Nick Sapharas v. HHS - other (1996)
Case summary [AI summaries can sometimes make mistakes]
Nick Sapharas filed a petition on January 30, 1991, seeking compensation under the National Childhood Vaccine Injury Act of 1986. The specific vaccine and alleged injury are not described in the available case document.
The case was assigned to Chief Special Master Golkiewicz. Petitioner was represented by attorney E.
Tasso Paris. On February 6, 1995, petitioner filed a motion for extension of time to provide additional medical information.
The motion was granted, with records due by April 13, 1995. Nearly seven months passed without any contact from petitioner or submission of the required records.
On October 30, 1995, the Chief Special Master issued an order placing petitioner on explicit notice that failure to comply by November 30, 1995, would result in dismissal of the claim. The order stated in pertinent part: "recognizing the harsh sanction of dismissal, the court will grant petitioner one last opportunity to respond." Petitioner again failed to respond.
On January 26, 1996, the Chief Special Master interpreted petitioner's silence as "either an inability or unwillingness to prove its case" and dismissed the petition for failure to substantiate and to prosecute. The Clerk of Court entered judgment on February 27, 1996.
Petitioner took no action for the next forty-eight days. On March 14, 1996, attorney Paris filed what he styled a "motion to modify judgment." Notably, petitioner did not challenge the underlying dismissal; he asked only that the court remove the phrase "and to prosecute" from the dismissal order, seeking to characterize the dismissal as based solely on failure to substantiate the claim rather than failure to prosecute.

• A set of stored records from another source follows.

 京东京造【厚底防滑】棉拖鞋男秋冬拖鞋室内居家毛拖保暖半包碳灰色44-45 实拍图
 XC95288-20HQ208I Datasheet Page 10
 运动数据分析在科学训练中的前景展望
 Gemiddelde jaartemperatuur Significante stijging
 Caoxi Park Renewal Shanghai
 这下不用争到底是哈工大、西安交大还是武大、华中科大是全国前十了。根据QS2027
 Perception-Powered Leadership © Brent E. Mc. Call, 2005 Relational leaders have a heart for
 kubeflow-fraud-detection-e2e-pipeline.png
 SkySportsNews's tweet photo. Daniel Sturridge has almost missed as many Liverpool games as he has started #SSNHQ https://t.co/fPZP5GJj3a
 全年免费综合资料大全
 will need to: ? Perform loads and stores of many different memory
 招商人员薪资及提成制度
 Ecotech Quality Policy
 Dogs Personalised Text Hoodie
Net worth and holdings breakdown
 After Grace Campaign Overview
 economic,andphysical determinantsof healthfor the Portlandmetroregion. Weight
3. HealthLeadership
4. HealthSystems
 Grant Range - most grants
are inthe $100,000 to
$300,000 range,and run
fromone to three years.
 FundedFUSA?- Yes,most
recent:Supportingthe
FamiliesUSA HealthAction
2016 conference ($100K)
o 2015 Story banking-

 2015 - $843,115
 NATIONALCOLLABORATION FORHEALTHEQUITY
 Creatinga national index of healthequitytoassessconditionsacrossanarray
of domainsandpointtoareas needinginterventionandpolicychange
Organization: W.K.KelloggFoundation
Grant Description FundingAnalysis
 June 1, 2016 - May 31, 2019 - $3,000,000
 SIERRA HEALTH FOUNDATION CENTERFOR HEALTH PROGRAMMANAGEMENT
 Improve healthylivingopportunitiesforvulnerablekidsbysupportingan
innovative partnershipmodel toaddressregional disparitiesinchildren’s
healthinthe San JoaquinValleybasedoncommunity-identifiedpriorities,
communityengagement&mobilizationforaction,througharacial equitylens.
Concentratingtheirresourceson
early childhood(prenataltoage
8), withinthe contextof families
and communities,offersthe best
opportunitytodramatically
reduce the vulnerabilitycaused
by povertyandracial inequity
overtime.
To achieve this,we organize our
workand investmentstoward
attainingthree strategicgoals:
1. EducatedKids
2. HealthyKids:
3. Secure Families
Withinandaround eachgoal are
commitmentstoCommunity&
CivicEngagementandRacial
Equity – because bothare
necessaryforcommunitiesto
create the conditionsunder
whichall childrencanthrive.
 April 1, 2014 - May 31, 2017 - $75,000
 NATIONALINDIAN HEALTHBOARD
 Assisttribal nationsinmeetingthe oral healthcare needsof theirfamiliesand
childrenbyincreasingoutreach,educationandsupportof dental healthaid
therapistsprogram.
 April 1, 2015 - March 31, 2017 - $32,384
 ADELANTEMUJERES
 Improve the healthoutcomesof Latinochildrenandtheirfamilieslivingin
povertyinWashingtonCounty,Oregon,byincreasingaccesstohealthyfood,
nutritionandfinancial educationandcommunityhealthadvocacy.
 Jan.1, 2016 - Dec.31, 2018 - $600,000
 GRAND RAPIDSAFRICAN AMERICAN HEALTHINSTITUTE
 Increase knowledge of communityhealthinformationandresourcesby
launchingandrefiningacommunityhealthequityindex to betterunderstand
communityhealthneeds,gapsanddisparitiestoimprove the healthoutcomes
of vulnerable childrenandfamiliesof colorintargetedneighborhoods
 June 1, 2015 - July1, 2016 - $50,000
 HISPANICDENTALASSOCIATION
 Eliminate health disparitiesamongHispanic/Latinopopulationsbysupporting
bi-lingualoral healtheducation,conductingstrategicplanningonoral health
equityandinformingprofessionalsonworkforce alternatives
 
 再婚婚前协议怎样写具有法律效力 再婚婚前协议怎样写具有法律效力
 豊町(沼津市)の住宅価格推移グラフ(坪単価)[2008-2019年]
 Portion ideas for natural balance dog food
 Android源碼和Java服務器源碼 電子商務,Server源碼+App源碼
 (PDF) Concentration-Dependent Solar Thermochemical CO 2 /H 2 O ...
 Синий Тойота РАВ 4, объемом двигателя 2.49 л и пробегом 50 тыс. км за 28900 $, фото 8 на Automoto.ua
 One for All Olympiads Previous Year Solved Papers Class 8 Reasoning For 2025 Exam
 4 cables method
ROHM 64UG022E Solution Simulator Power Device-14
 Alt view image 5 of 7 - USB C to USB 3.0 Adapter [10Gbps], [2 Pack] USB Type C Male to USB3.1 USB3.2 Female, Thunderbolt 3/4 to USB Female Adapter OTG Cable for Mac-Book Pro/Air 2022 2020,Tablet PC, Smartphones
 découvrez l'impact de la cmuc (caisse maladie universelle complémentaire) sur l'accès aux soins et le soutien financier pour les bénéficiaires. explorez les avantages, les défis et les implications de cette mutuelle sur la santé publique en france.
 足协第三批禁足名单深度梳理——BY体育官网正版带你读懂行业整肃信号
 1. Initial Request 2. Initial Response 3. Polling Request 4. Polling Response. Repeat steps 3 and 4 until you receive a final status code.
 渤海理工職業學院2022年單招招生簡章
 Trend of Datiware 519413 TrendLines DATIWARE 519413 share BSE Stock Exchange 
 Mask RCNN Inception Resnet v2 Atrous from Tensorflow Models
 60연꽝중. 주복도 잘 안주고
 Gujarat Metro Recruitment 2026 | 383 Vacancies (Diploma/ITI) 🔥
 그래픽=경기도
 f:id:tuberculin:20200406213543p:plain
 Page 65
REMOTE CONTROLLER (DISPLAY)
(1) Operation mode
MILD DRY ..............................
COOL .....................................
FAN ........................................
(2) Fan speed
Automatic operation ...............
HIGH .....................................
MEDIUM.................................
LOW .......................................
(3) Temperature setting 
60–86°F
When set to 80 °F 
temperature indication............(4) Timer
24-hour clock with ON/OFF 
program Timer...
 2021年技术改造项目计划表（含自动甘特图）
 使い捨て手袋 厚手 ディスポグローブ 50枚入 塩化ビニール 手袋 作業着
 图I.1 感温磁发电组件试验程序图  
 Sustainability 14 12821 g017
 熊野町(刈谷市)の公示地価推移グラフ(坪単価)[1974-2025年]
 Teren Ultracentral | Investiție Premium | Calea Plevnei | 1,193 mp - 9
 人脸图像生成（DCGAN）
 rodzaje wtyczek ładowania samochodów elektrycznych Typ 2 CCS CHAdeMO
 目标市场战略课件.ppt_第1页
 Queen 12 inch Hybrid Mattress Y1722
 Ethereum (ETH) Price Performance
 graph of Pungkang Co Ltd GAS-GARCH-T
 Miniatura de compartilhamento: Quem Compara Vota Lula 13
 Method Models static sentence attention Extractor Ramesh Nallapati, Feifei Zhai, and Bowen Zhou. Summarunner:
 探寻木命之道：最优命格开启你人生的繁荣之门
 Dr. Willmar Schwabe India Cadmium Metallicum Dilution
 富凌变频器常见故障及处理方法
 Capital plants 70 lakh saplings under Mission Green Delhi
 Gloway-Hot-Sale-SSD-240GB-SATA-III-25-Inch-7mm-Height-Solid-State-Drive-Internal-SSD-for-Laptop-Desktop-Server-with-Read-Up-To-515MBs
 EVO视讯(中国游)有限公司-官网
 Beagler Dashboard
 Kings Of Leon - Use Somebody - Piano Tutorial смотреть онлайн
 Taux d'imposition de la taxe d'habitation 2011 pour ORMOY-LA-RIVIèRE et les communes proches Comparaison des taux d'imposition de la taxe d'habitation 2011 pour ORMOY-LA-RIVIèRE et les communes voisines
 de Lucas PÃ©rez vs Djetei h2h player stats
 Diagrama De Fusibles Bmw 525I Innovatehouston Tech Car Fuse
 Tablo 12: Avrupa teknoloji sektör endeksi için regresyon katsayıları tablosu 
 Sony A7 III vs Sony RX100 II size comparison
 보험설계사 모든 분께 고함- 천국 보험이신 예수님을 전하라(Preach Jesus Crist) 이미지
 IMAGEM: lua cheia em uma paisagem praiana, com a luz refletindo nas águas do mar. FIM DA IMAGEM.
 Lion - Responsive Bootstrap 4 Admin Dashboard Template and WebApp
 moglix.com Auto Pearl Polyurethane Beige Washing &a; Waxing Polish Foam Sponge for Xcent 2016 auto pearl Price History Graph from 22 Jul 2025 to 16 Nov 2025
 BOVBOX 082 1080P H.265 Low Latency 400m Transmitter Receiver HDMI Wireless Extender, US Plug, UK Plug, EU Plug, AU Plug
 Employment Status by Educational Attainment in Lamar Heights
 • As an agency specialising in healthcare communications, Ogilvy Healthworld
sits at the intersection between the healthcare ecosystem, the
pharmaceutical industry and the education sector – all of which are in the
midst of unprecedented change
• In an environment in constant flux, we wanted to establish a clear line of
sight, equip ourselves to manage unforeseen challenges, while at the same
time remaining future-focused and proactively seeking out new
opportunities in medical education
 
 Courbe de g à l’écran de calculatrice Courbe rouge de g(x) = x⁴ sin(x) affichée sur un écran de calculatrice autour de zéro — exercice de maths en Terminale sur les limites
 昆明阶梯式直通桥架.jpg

In support of the motion, attorney Paris stated that he had conducted an exhaustive search for medical records, expended substantial funds to obtain them, and done "everything possible to prosecute this case," but acknowledged that "the medical information submitted to the Court has been deemed insufficient to substantiate Mr. Sapharas' claim." Judge Tidwell denied the motion.
The court first noted that the motion was procedurally defective: if treated as a motion for review under Vaccine Rule 23, it was untimely by eighteen days (filed 48 days after the dismissal order, against a 30-day limit); if treated as a motion to alter or amend judgment under RCFC 59(d), it was untimely by many days (RCFC 59(d) requires filing within 10 days of entry of judgment). The court nonetheless addressed the merits.
Applying the highly deferential arbitrary-and-capricious standard to the Chief Special Master's dismissal, the court held that there was no abuse of discretion. Petitioner's failure to respond to the April 1995 deadline, to comply with the November 1995 warning order, and to contact the court for nearly seven months constituted a straightforward failure to prosecute, regardless of the records ultimately compiled.
Attorney Paris's citation to his own efforts in locating records was not a response to the court orders requiring their submission. The court found no authority or reasoning sufficient to justify modification of the judgment and denied the motion.
Theory of causation
Vaccine and injury not identified in available document (procedural motion document only). DISMISSED. SM Golkiewicz (Jan 26, 1996): failure to substantiate and to prosecute — petitioner failed to submit required medical records despite extension (due Apr 1995), ignored November 1995 last-chance warning order, and was silent for seven months. Clerk entered judgment Feb 27, 1996. Motion to modify judgment denied CFC Judge Tidwell (Apr 22, 1996) — untimely and without merit. Attorney E. Tasso Paris.